Biophysical Society Thematic Meeting | Hamburg 2022
Biophysics at the Dawn of Exascale Computers
Poster Abstracts
57-POS Board 57 CALCULATING RELATIVE PROTEIN-LIGAND BINDING AFFINITIES WITH THE ACCELERATED WEIGHT HISTOGRAM METHOD - A BENCHMARK STUDY Sebastian Wingbermühle 1 ; Erik Lindahl 1 ; 1 KTH Royal Institute of Technology, Science for Life Laboratory, Stockholm, Sweden To identify a lead compound, hundreds of thousands of drug candidates are synthesized and tested in high-throughput screening assays. The corresponding time and resources could be saved if a computational workflow combining docking and atomistic molecular dynamics (MD) simulations scanned the initial compound library and recommended a set of tens of potential lead compounds to be actually synthesized. To this end, the drug candidates scoring best in the docking step are ranked according to their relative binding free energies estimated in MD simulations. In the context of the EU project LIGATE, the following approach to calculate relative binding free energies is applied here: For each pair of ligands, an alchemical path converting them into each other is defined and parameterized in λ. The Accelerated Weight Histogram method (AWH) frequently updates the value of λ during the MD simulation and adapts a bias potential on the fly such that each value of λ is sampled according to a target distribution.
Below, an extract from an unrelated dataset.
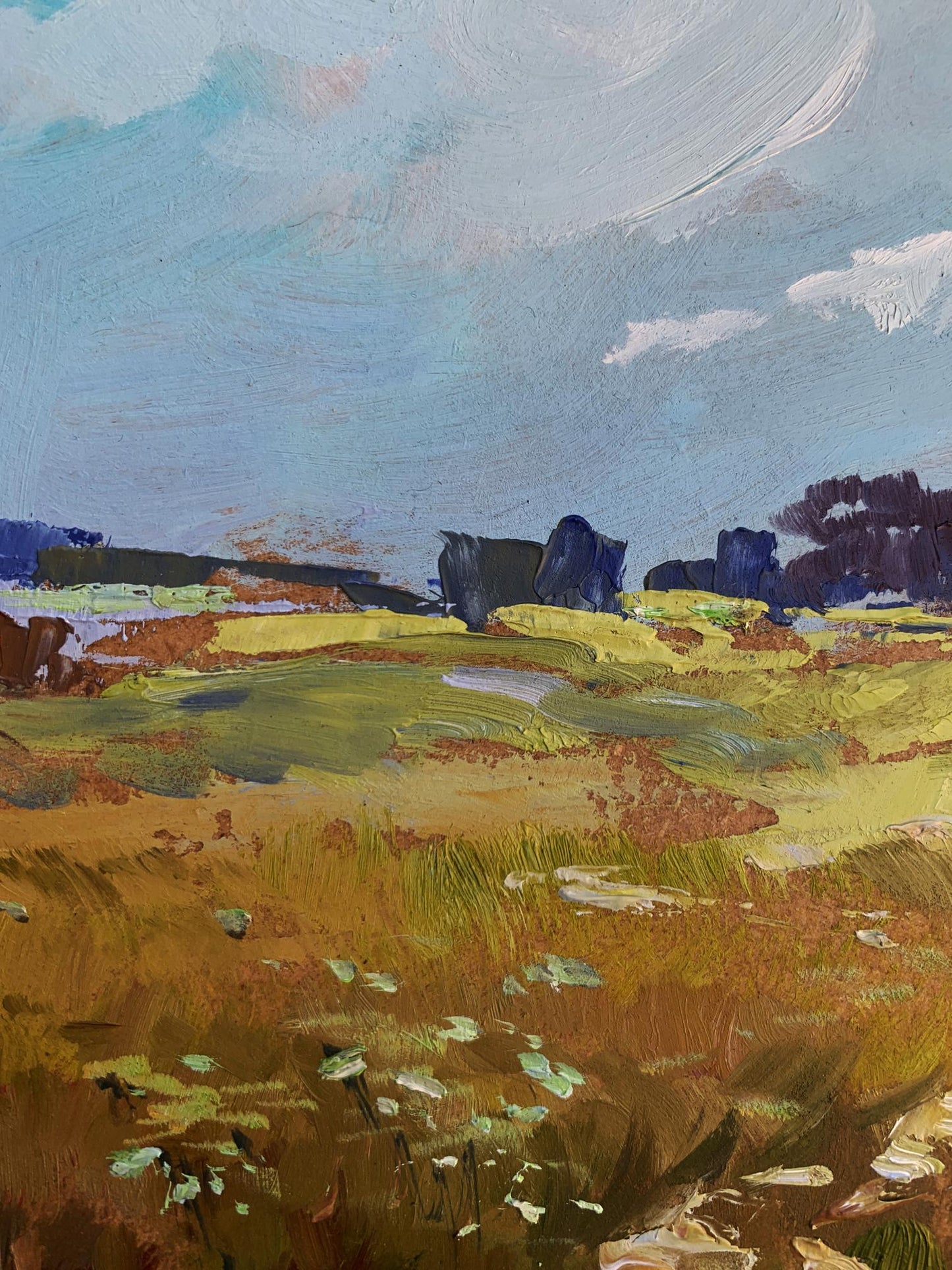 OIl painting Summer yellow field Yuriy Suprunchuk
With th e uniform sampling of λ targeted here, the bias potential converges to the free energy profile along λ. This approach is tested on a benchmark set including in total 13 proteins and approximately 500 ligand pairs for which experimental relative binding free energies and previous simulation results (equilibrium free energy perturbation and non- equilibrium thermodynamic integration) are available. As soon as the relative protein-ligand binding affinities obtained with AWH can be proven to be precise and reliable estimates with this benchmark, the AWH simulations run with GROMACS will be combined with docking simulations performed with LiGen to provide a workflow that scales well on modern HPC machines and can handle several thousands of drug candidates.